§ **Exercise directions**:
The exercise calls for the lines from the one containing "Oversize Zip-Up Knitted Cardigan, Baby Blue" to the end of the data below to be output exactly, pictures excluded.

§ **Entries shown**:
- - - - - - -
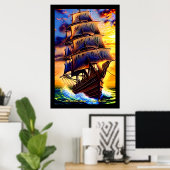 Voeg je eigen bericht Bruin Pirate Sailing Ship Po Poster (Thuiskantoor)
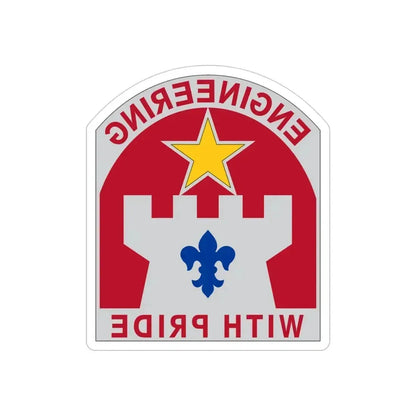 308 Engineer Group (U.S. Army) REVERSE PRINT Transparent Die-Cut STICKER 4 Inch Die-Cut Transparent - The Sticker Space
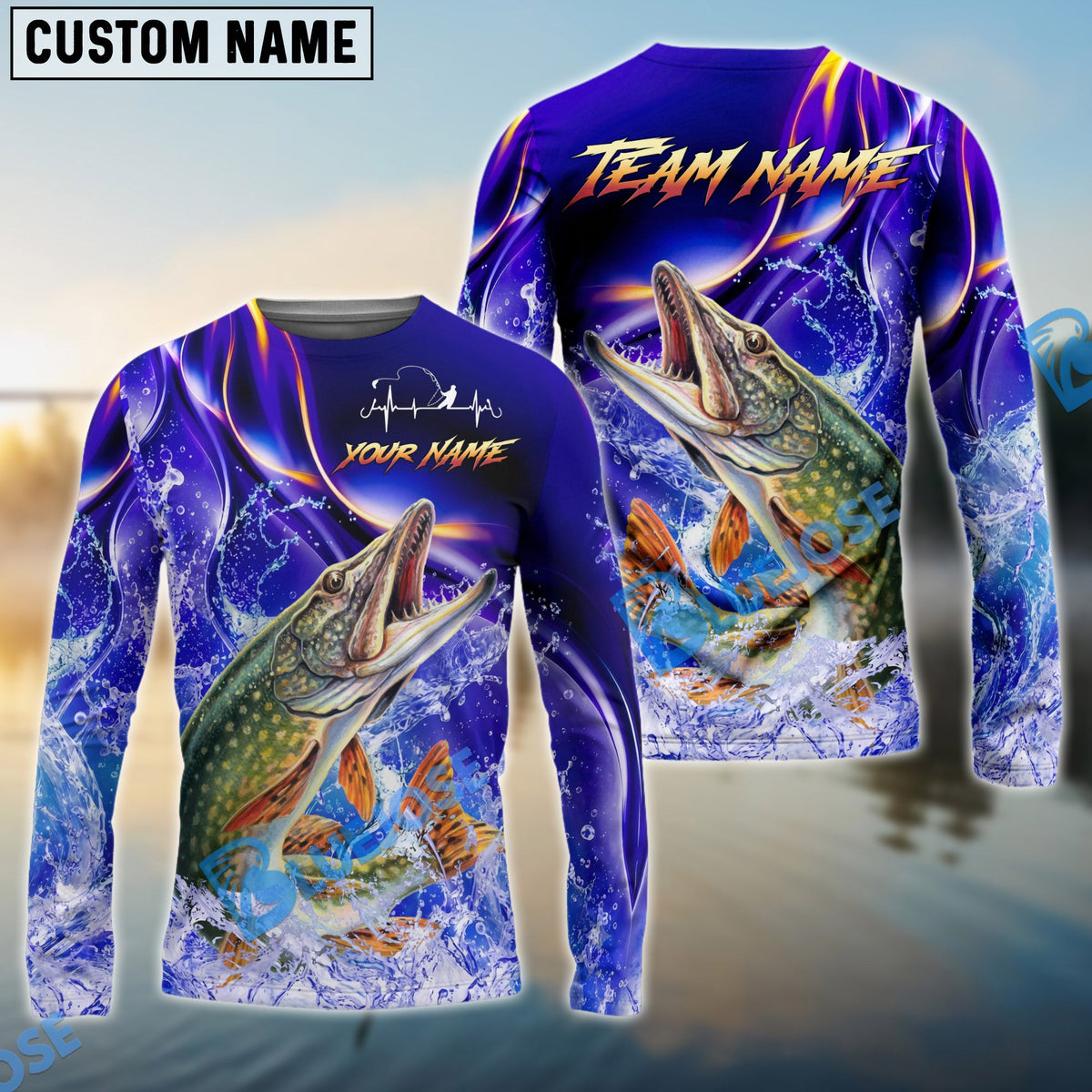 Bluejose Pike Fishing Purple Wave Ocean Splash Design Custom Name &amp; Team Name 3D Shirts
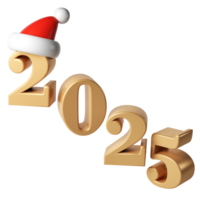 3d contento nuevo año 2025 dorado números. símbolos dibujos animados hacer con rojo sombrero Papa Noel. Navidad decoración. celebrar fiesta Navidad póster bandera, cubrir tarjeta, folleto, volantes, diseño diseño png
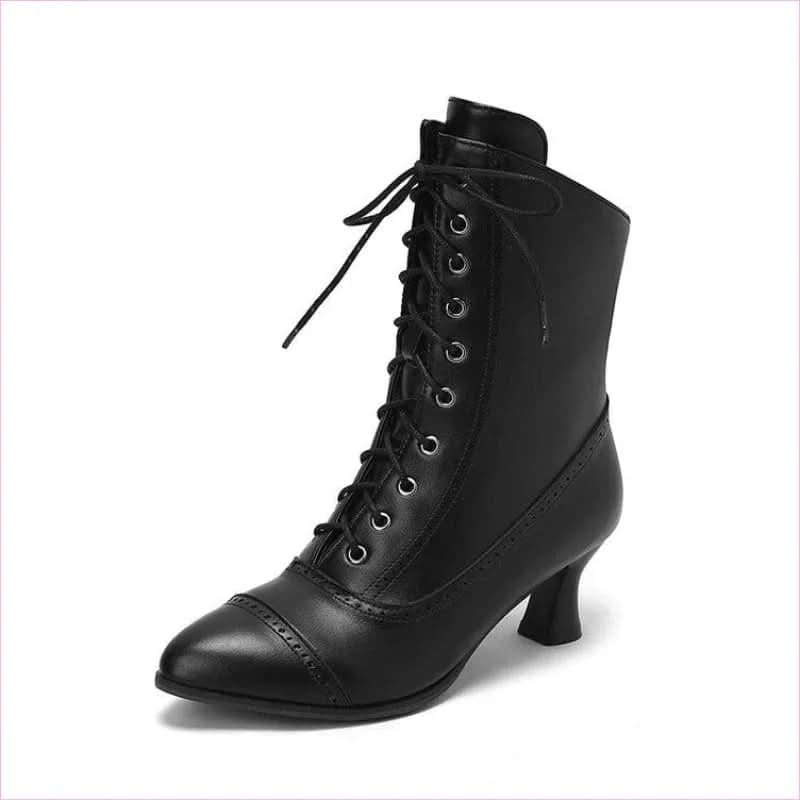 Unisex Retro Steampunk Lace Up Pointed Toe Ankle Boots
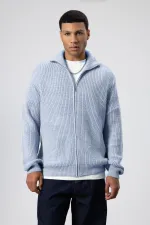 Oversize Zip-Up Knitted Cardigan, Baby Blue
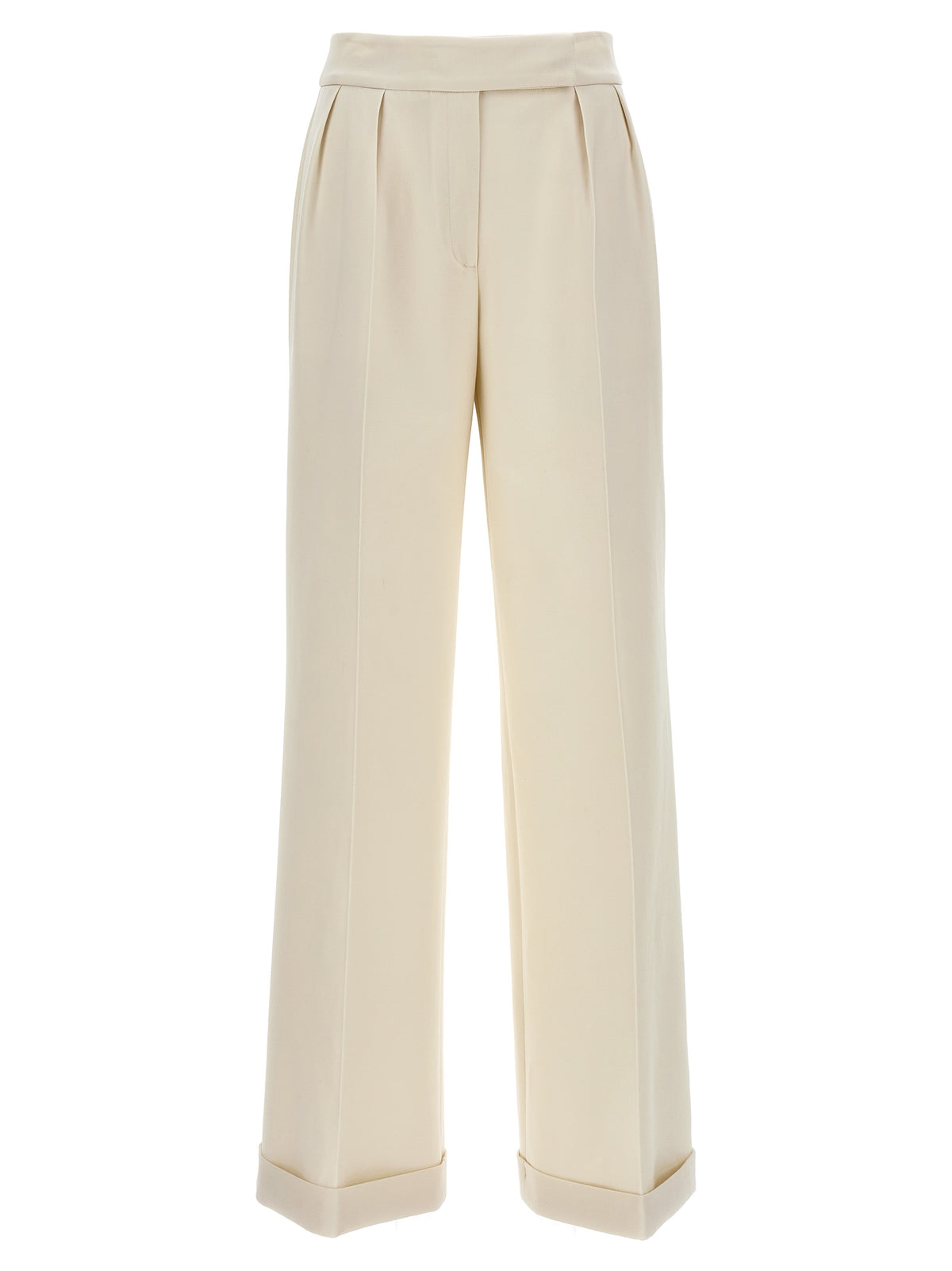 Kiton White Virgin Wool Casual Pants for Women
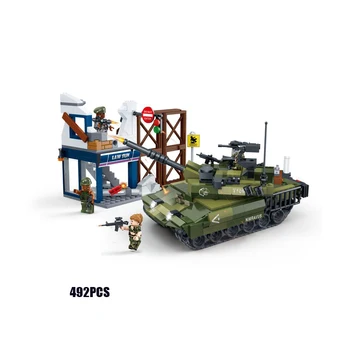 

Modern military figures Tank encounter building block batisbricks ww2 army soldiers tiger action bricks toys for gifts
- - - - - - -
§ **Expected answer**:
 Oversize Zip-Up Knitted Cardigan, Baby Blue
 Kiton White Virgin Wool Casual Pants for Women

Modern military figures Tank encounter building block batisbricks ww2 army soldiers tiger action bricks toys for gifts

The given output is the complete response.